Dalila era perduta a
rincorrere dei pensieri che non riuscivo ad interpretare, mentre io, allarmato
dal visibile solco che andava disegnandosi sulla sua fronte, tentavo di
presagire la ragione di quel turbamento improvviso. La giornata s’era annunciata
splendida: il sole incerto di novembre baluginava tra i monti lontani,
dipingendo d’un rosa tenue la coltre di neve, caduta sulle vette impettite. Il
cielo, ancora immerso nella foschia mattutina, accoglieva quei primi lampi di
luce con trasporto, suggerendoci di abbandonare il calduccio del letto. L’attrazione
fisica che spesso si impadroniva di noi, però, stimolata da quel paesaggio
incantevole, incorniciato dalla portafinestra, s’era impadronita gradualmente dei
nostri sensi, guidandoli alla conquista d’un piacere intenso ed irrefrenabile.
Dopo un’abbondante
colazione, eravamo in viaggio per Racconigi, intenzionati a visitare il parco e
la tenuta di caccia della famiglia Savoia.

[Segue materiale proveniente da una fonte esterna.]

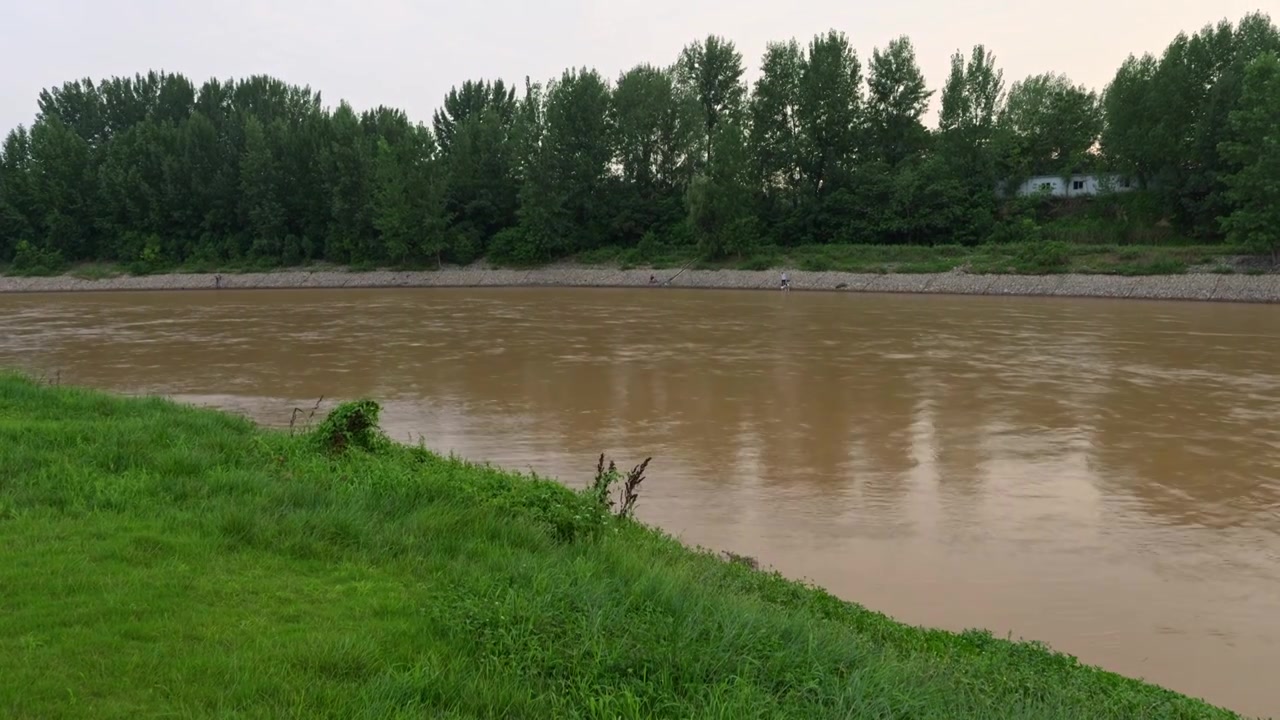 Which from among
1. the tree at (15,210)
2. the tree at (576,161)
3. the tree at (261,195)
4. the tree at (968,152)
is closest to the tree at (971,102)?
the tree at (968,152)

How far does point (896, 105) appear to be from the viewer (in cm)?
6512

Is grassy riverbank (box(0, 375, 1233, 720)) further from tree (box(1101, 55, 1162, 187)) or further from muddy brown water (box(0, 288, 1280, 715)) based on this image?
tree (box(1101, 55, 1162, 187))

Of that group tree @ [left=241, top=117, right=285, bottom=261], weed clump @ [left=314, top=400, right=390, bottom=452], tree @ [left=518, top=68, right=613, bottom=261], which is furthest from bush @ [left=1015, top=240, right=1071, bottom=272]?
tree @ [left=241, top=117, right=285, bottom=261]

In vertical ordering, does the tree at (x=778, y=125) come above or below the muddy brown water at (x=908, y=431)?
above

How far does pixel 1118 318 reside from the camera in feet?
113

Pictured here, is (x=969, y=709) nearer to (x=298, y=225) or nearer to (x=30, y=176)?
(x=298, y=225)

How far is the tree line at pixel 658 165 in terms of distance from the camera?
54.2 m

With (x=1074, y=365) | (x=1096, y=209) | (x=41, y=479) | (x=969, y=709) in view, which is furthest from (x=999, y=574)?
(x=1096, y=209)

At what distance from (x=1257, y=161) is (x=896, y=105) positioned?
81.6ft

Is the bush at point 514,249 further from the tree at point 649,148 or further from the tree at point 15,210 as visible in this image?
→ the tree at point 15,210

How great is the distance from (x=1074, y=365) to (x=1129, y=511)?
42.5ft

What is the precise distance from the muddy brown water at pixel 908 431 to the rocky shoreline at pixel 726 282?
8.00 meters

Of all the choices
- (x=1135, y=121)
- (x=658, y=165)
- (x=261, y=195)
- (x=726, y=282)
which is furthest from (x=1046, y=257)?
(x=261, y=195)

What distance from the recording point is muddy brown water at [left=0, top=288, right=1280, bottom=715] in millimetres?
8062
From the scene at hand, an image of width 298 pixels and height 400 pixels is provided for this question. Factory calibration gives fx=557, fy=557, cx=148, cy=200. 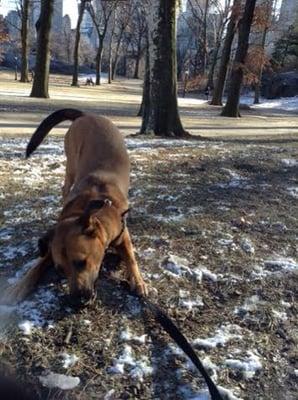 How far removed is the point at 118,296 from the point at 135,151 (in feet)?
15.7

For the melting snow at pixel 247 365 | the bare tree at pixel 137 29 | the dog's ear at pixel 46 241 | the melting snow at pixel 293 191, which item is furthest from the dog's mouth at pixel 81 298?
the bare tree at pixel 137 29

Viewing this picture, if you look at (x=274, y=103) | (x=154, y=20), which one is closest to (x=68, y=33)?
(x=274, y=103)

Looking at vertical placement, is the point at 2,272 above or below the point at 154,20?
below

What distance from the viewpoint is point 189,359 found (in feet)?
10.3

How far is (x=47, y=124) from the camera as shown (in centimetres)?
538

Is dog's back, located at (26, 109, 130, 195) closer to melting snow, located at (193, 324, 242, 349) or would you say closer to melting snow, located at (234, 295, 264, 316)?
melting snow, located at (234, 295, 264, 316)

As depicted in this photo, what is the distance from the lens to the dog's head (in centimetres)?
320

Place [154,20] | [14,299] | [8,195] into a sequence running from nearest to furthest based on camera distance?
[14,299]
[8,195]
[154,20]

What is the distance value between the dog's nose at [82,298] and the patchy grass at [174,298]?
0.36 ft

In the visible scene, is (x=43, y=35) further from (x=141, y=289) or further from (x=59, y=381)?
(x=59, y=381)

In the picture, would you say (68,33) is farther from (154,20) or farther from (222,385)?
(222,385)

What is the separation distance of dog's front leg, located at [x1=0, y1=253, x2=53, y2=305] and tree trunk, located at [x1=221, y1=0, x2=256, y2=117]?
56.6 feet

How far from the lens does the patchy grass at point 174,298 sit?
3.00m

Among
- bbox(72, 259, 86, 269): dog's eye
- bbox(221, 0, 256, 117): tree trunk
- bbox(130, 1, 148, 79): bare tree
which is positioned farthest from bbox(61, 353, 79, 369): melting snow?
bbox(130, 1, 148, 79): bare tree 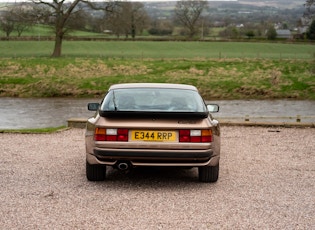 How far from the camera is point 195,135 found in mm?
8266

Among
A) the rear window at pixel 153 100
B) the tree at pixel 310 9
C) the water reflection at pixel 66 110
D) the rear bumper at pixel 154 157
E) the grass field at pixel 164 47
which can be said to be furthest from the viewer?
the grass field at pixel 164 47

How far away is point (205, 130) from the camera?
8.30 m

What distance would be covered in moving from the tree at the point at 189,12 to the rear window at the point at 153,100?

Una volta arrivati, venivamo messi
al corrente che le visite all’interno del palazzo ed alla vasta isola di
verde che lo circonda
erano rimandate a primavera. Delusi, ma non del tutto scoraggiati, avevamo
deciso di fare una passeggiata nel giardino pubblico di Savigliano, poco
distante dalla meta originaria e luogo dove Dalila aveva trascorso alcuni anni
della sua vita passata.
I ricordi, prepotenti ed
ingannevoli, molto probabilmente l’avevano assalita, procurandole un sottile
malessere. L’immagine dei figli si proiettava nella sua memoria, assumendo una
dimensione grondante di tristezza. Il non poter incontrarli o sentirli, alla
lunga, le aveva causato un ennesimo crollo psicologico che tentava di nascondere.
La celebrazione del
nostro anniversario, in poche parole, si era trasformata in una sorta di
pellegrinaggio espiatorio di colpe non sue, un casuale recupero di vesti lasciate
con determinazione, ma stampate a fuoco sulla sua tenera pelle.
Mi sembrava inopportuno
intervenire per consolarla, come era complesso simulare un comportamento che
non lasciasse trasparire ciò che avevo colto nel suo eloquio, punteggiato da
pause significative. Avrei dovuto smentire quella mia capacità d’intuizione che
mi permetteva di leggerle nel profondo dell’animo.
Del resto non avevo né
l’età , né la predisposizione
necessarie a raccontare
fiabe alle quali io, per primo, non avrei mai creduto.